In relationships — at work, home or out in the world — it behooves each of us to act as we wish others would act with us. If we want to have relationships that are honest, cherishing and respectful, then we’re responsible for being honest, cherishing and respectful. Sometimes, in our upset, we forget that we are still responsible for our actions. Likewise, we can forget that our partner also deserves a caring, loving partner just as we do. We can get so focused on what we want that we forget that we’re responsible for giving, too. We are each responsible for asking for what we want and for giving what we wish to get. Missing either aspect of this requirement will negatively impact our relationships.
This concept is true across the board in all of our relationships.

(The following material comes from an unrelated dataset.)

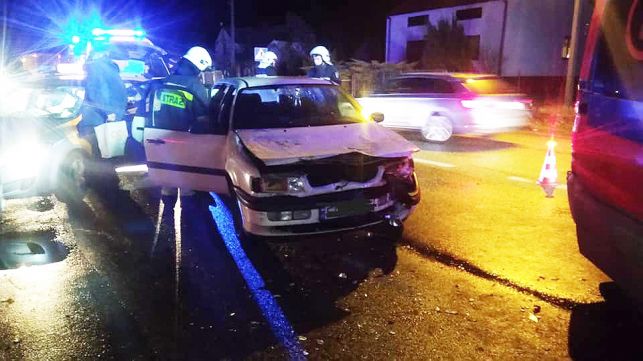 Wypadek  w Ruścu. Iveco kontra passat, dwie osoby w szpitalu - Zdjęcie główne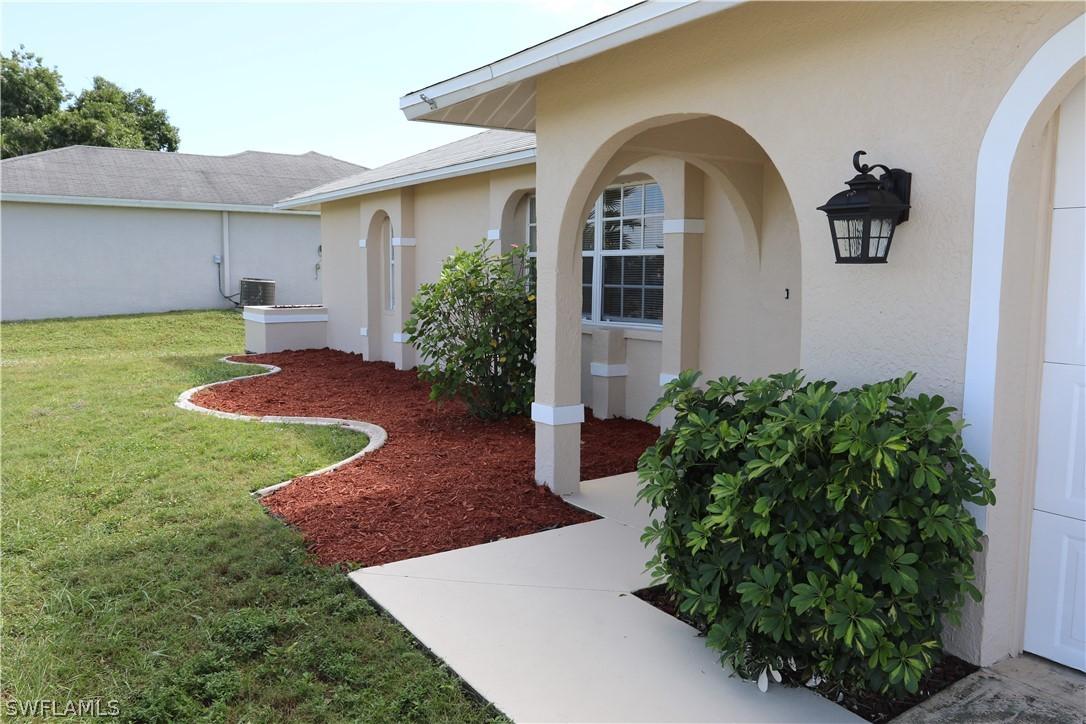 326 NE 11th St., Cape Coral, FL 33909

In parenting, if you don’t want your children to yell and be disrespectful to you, then don’t you yell and be disrespectful to them. If at work, you want your co-workers to give you space to talk at meetings and honor your ideas, then you should give them room to speak and honor their ideas. In romance, if you want your partner to share, talk respectfully and treat you with high regard, then you must do the same. If you don’t have the desire, energy, or patience to behave with others as you are asking them to behave with you, then don’t ask it of them.
If you choose to not give it—you don’t have the right to ask for it.
It’s time to shift your focus from analyzing the behaviors of others to looking at your own. Pay attention to the way you behave in relationships and work to become the person you wish to work for, live with or be friends with. When you’re clean on your end and behaving the way you want others to behave, you will be on stronger footing to create change. Get yourself in check before you start trying to get everyone else in check.
Challenge: Take a moment and look at the way you are in your relationships across the board. Honestly ask yourself if you would want to have you as a boss or friend, parent or lover? If there’s a relationship you struggle with, look at your part in that struggle. Would you want to be with you?